Start of Block

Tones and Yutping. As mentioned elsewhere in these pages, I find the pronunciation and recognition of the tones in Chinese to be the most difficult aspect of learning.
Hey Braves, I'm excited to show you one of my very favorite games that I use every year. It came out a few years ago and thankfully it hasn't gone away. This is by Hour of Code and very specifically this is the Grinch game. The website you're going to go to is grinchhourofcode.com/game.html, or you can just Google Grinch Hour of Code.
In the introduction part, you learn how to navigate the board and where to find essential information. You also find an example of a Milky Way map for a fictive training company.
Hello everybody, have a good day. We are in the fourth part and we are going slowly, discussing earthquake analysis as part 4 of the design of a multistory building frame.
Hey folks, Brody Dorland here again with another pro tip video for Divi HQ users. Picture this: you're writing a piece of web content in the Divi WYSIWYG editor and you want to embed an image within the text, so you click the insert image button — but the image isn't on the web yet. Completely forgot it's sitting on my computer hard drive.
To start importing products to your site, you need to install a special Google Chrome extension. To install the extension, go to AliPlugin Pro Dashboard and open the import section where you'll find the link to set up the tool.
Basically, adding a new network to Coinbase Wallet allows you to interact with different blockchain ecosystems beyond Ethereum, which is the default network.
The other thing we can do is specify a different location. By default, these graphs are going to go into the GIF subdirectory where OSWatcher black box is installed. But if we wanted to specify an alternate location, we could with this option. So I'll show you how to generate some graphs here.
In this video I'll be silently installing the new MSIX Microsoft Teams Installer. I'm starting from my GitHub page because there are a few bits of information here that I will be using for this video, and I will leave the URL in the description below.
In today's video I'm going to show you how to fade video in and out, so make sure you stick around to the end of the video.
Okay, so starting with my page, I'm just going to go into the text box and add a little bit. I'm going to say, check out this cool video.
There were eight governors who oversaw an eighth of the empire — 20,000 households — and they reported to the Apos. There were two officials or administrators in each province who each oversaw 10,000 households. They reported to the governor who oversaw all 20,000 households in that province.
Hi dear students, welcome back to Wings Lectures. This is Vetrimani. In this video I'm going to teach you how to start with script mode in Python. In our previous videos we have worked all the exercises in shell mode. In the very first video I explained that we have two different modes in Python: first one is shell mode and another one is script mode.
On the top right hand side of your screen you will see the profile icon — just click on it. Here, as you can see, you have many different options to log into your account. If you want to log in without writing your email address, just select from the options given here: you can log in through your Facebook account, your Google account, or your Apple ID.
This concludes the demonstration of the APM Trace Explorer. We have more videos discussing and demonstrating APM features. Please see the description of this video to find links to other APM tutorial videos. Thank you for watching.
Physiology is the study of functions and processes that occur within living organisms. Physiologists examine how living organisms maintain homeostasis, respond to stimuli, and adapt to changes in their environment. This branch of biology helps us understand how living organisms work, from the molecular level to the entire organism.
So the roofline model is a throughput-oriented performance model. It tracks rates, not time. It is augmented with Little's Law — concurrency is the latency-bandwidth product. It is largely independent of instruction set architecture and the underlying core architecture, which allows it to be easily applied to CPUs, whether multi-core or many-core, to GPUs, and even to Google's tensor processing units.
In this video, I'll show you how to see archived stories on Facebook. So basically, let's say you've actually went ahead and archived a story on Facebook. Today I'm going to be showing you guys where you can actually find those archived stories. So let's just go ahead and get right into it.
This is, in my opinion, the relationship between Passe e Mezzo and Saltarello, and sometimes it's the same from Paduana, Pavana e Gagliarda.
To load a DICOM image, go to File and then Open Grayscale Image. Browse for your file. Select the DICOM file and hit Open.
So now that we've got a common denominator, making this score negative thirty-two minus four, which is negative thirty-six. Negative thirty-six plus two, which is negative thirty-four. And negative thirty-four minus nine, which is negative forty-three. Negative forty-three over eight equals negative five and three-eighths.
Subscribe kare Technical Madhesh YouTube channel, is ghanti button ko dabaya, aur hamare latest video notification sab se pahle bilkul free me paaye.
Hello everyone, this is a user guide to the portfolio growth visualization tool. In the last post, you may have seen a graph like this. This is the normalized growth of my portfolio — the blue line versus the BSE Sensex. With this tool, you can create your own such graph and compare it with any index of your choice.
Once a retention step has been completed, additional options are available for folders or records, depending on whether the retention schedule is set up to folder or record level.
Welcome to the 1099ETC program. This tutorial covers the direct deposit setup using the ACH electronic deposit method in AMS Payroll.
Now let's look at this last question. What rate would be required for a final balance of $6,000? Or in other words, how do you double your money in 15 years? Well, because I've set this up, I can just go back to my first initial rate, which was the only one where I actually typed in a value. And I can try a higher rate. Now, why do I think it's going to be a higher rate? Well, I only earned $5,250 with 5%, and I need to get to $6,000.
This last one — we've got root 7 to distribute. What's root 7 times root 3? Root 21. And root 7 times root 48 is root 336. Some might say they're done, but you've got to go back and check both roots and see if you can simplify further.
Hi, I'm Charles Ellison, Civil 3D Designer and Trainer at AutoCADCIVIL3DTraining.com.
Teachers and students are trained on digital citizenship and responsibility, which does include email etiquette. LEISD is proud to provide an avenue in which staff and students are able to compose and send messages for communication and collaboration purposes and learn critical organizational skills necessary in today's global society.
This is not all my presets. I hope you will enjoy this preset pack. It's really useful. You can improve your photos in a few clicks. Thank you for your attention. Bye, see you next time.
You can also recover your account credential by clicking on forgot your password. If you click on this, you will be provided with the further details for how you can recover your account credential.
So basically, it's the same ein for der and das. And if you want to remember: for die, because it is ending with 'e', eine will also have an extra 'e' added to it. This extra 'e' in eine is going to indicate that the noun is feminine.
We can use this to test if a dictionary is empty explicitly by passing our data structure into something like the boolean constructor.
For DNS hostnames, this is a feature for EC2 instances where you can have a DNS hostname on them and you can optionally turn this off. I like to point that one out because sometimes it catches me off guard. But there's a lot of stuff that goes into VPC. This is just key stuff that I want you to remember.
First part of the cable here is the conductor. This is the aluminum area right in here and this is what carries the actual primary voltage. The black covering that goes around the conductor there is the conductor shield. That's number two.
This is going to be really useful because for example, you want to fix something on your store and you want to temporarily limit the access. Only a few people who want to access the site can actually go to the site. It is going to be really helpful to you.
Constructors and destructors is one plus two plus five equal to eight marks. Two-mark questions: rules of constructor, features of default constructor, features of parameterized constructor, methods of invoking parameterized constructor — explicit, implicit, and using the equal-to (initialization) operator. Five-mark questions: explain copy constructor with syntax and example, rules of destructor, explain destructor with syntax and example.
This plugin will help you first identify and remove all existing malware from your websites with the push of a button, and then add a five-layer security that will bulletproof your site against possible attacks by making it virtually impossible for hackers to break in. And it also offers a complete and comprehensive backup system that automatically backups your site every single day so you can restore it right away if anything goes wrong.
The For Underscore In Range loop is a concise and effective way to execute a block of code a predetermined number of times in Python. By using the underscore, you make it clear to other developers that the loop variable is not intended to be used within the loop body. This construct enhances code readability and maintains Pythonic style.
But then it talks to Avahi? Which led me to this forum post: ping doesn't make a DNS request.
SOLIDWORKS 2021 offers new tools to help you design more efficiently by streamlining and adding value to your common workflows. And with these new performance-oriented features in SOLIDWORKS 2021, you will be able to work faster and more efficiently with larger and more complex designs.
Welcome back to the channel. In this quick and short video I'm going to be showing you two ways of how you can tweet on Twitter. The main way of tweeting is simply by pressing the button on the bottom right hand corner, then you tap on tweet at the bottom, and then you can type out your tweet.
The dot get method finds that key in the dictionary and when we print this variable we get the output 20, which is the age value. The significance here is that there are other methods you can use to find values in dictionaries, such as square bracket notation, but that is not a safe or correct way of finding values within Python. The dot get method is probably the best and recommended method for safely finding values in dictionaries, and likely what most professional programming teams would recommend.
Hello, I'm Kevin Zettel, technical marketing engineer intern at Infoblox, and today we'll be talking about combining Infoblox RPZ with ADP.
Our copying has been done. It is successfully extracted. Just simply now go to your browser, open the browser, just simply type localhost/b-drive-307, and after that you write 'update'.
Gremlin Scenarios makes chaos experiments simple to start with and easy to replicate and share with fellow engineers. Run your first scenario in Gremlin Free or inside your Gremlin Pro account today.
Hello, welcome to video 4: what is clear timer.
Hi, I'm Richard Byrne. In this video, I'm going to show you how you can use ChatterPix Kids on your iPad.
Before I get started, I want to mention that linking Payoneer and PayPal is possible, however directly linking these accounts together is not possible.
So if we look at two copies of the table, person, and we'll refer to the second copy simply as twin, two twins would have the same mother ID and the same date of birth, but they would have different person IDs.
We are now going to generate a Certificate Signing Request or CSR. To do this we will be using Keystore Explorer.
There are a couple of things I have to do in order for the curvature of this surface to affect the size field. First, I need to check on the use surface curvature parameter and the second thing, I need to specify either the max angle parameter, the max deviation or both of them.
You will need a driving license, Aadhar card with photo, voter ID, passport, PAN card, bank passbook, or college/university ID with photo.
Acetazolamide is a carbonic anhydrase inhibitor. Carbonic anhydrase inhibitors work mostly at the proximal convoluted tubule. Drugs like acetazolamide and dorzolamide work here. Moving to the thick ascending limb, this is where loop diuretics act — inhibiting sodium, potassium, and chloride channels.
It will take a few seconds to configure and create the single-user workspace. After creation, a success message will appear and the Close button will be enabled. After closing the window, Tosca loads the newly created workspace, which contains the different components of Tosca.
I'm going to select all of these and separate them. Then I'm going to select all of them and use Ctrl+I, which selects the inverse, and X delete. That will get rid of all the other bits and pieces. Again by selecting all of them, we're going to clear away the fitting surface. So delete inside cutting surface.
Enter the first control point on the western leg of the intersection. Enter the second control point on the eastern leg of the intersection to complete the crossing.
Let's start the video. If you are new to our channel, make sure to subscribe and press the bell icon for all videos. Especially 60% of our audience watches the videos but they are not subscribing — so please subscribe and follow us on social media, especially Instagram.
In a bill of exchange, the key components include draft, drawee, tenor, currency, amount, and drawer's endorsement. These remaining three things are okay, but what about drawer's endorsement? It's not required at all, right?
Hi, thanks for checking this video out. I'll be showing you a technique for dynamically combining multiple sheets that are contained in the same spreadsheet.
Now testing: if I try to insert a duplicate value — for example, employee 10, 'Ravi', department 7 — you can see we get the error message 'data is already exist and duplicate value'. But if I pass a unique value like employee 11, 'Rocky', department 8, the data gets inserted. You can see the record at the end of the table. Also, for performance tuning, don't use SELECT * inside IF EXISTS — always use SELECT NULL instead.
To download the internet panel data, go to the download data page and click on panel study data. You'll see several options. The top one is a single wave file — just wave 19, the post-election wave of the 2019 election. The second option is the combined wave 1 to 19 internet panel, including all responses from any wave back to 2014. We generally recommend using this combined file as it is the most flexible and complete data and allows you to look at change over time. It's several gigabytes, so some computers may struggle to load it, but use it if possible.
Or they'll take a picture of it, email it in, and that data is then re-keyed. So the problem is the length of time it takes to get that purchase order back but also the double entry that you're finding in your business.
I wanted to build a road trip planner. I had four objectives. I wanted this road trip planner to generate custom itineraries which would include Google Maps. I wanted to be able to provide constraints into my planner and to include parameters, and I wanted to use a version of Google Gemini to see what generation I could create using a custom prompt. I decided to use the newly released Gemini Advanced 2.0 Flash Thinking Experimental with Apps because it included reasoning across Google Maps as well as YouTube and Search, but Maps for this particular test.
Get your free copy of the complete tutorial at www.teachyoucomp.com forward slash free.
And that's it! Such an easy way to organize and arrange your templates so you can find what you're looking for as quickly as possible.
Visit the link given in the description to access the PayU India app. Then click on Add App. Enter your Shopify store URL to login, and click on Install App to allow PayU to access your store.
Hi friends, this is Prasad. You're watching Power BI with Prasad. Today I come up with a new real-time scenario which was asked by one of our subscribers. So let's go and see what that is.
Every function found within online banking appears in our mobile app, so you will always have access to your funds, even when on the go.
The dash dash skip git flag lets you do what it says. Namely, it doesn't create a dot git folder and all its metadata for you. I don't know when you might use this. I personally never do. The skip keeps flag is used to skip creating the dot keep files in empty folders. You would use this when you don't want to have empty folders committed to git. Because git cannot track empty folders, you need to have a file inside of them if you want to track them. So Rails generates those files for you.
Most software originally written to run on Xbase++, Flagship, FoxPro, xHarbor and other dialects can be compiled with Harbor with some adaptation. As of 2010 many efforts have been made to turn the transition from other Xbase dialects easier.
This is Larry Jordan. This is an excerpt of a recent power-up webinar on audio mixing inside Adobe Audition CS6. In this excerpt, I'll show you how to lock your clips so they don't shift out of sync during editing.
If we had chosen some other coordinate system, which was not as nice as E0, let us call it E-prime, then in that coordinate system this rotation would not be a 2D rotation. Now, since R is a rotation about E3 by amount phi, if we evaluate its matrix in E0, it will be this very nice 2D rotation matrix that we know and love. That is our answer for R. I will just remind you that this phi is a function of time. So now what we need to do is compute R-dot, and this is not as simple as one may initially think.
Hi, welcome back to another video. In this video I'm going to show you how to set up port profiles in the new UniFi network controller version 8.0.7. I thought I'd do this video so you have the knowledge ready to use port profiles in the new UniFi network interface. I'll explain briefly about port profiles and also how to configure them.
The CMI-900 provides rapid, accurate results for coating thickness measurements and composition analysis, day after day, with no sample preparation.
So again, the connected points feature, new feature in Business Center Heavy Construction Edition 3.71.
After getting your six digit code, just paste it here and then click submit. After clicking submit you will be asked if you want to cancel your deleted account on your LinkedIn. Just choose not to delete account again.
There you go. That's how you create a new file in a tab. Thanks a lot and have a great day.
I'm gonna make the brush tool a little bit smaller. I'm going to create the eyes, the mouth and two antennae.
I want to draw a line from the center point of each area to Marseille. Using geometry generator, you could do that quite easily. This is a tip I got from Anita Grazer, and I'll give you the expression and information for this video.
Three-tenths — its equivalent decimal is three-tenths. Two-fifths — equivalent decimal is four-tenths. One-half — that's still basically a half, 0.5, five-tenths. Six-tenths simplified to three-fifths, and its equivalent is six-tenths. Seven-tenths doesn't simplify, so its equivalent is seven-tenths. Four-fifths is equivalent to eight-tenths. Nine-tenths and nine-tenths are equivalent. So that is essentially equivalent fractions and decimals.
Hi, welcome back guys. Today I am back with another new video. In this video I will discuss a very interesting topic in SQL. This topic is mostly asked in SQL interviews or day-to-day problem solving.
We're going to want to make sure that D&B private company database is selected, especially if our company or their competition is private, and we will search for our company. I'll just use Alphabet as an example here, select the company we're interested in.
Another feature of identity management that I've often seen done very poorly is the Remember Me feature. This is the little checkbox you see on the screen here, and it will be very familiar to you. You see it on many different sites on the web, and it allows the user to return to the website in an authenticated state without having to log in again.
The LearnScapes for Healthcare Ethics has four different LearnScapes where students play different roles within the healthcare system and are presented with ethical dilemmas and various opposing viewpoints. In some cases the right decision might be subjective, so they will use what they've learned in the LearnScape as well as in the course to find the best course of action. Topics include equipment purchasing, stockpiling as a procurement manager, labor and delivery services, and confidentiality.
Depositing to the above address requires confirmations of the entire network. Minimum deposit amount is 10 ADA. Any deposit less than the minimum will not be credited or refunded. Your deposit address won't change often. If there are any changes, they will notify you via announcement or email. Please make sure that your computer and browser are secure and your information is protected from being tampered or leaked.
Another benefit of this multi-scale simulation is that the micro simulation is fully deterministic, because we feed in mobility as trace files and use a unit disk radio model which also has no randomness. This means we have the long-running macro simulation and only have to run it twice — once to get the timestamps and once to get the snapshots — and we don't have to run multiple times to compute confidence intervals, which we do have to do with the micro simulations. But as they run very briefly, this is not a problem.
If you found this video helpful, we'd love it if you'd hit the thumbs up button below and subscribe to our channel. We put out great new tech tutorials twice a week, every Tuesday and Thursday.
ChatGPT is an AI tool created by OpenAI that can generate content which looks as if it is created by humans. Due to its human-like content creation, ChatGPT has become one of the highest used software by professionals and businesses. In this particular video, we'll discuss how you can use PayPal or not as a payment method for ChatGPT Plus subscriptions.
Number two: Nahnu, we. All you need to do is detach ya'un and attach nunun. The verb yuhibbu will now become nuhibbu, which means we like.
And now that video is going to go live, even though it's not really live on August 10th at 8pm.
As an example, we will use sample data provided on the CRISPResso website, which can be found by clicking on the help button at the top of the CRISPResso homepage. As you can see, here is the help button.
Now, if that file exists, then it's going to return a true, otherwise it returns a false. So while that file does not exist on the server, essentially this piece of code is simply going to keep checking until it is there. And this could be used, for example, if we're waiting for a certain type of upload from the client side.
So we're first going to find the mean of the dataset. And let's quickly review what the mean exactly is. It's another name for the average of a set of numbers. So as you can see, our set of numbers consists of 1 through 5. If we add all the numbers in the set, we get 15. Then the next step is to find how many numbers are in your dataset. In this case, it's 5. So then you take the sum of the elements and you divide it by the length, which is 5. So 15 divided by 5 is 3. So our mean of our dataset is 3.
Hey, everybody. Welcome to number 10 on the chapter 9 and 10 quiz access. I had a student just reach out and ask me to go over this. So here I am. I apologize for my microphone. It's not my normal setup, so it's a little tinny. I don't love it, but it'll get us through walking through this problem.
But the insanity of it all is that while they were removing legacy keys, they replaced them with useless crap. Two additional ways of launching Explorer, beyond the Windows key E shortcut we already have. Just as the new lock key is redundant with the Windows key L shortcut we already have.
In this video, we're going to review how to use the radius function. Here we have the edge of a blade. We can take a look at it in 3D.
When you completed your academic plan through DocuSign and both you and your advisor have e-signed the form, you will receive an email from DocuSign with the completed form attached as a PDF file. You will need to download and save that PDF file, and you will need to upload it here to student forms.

End of Block

Exercise objective:
The lines above starting at the one that contains "So if we look" and ending at the one that contains "You will need a" must be transcribed exactly, and no other lines may appear.

Answer section:
So if we look at two copies of the table, person, and we'll refer to the second copy simply as twin, two twins would have the same mother ID and the same date of birth, but they would have different person IDs.
We are now going to generate a Certificate Signing Request or CSR. To do this we will be using Keystore Explorer.
There are a couple of things I have to do in order for the curvature of this surface to affect the size field. First, I need to check on the use surface curvature parameter and the second thing, I need to specify either the max angle parameter, the max deviation or both of them.
You will need a driving license, Aadhar card with photo, voter ID, passport, PAN card, bank passbook, or college/university ID with photo.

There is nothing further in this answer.